Hi Francesco,
francesco@dolcini.it wrote on Fri, 16 Dec 2022 13:37:31 +0100:
On Fri, Dec 16, 2022 at 12:01:55PM +0100, Miquel Raynal wrote:
marex@denx.de wrote on Fri, 16 Dec 2022 11:46:18 +0100:
On 12/16/22 08:45, Francesco Dolcini wrote:
On Thu, Dec 15, 2022 at 08:16:04AM +0100, Miquel Raynal wrote:
I am still against piggy hacks in the generic ofpart.c driver, but what we could do however is a DT fixup in the init_machine (or the dt_fixup) hook for imx7 Colibri, very much like this: https://elixir.bootlin.com/linux/latest/source/arch/arm/mach-mvebu/board-v7.... Plus a warning there saying "your dt is broken, update your firmware".
I have a couple of concerns/question with this approach:
- do we have a single point to handle this? Different architectures are affected by these issue. Duplicating the fixup code in multiple place does not seems a great idea
- If we believe that the device tree is wrong, in the i.MX7 case because of #size-cells should be set to 0 and not 1, we should not alter the FDT. Other part of the code could rely on this being correctly set to 0 moving forward.
If I understood you are proposing to have a fixup at the machine level that is converting a valid nand-controller node definition to a "broken" one. Unless I misunderstood you and you are thinking about rewriting the whole MTD partition from a broken definition to a proper one.
No, quite the opposite.
Either size-cell is wrong which makes the description totally inconsistent (if size-cell is there, it must have a use, otherwise why do we keep it?) and we must fix it, or it is right and we should not touch it.
What I propose is to check very early whether the description is consistent on the board known to have this problem. If the description is wrong, we fix it and the generic parser can then do its work properly.
What if we add `nand-chip{}` children in the future (the i.MX nand controller has nothing implemented not described in the schema so far, but it is something that is supported by the hw)? Will this idea still works?
I think yes. I mean, moving to a
nand-controller { nand-chip { partitions { part@x part@y } } }
scheme is what we should eventually find on all maintained boards, but I would say, at the very least, the description must be coherent.

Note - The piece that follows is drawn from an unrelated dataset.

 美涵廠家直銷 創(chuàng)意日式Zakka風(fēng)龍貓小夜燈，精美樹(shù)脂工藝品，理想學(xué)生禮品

But my previous answer was only focusing on the case where you change something in the kernel or in the DT that breaks the board because of the mess fdt_fixup_mtdparts() brings.
On Thu, Dec 15, 2022 at 09:04:46AM +0100, Miquel Raynal wrote:
marex@denx.de wrote on Thu, 15 Dec 2022 08:45:33 +0100:
Sadly, it does only fix the known cases, not the unknown cases like downstream forks which never get any bootloader updates ever, and which you can't find in upstream U-Boot, and which you therefore cannot easily catch in the arch side fixup.
And ?
I'm not personally and directly concerned, since the machine I care are all available upstream and known, however this is a general problem with U-Boot code being at the same time widely used on a range of embedded products and producing a broken MTD partition list.

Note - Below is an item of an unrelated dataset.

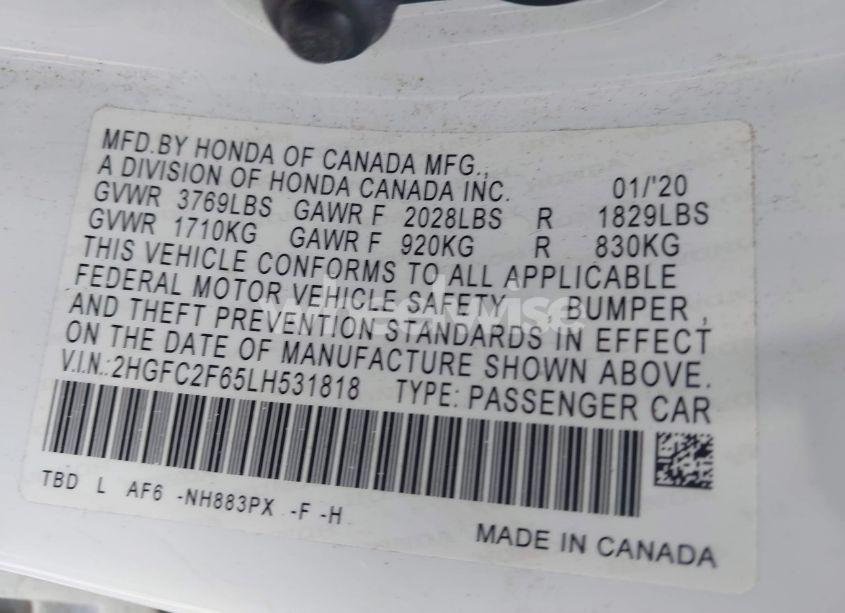 Photo 9 of 2020 Honda Civic LX (VIN 2HGFC2F65LH531818)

I think we will just silently break boards and just creating a lot of issues to people. We would just introduce regression to the users, being aware of it and deliberately decide to not care and move the problem to someone else. I do not think this is a good way to go.
What?
Let me rephrase, I was not clear enough.
Since when my proposal is breaking boards? My proposal leads to a situation where:
- If you have a board that has an inconsistent description but worked, it will still work.
- If you have a board that has a consistent description and worked, it will still work.
- If your have a board that has an inconsistent description and got broken *recently* by another change (typically you "fix" the DT in Linux to comply with the bindings), then you get a warning that leads you on the right path, you then update your bootloader if you can, but either way you add your machine compatible to the list of devices which need the early fix and your boot is fixed.
This implies that we can proactively catch all the affected boards. I do not believe this is reasonable and because of that my comment before about creating regression to the users.
I really don't understand the reasoning here.
What I say is: let's fix the boards known to be incorrectly described when we break them so they continue working with a broken firmware.
What regression could this possibly bring? I don't care about catching the 2k boards out there which work but wrongly describe their partitions. If they work, they will continue working.
You and Marek say: let's blindly always change a property in the DT, no matter if the board is broken, even if we don't know if this is the right thing to do, and apply this to the entire world.
But with this approach you're not worried about regressions.
I am sorry it does not stand.
Thanks, Miquèl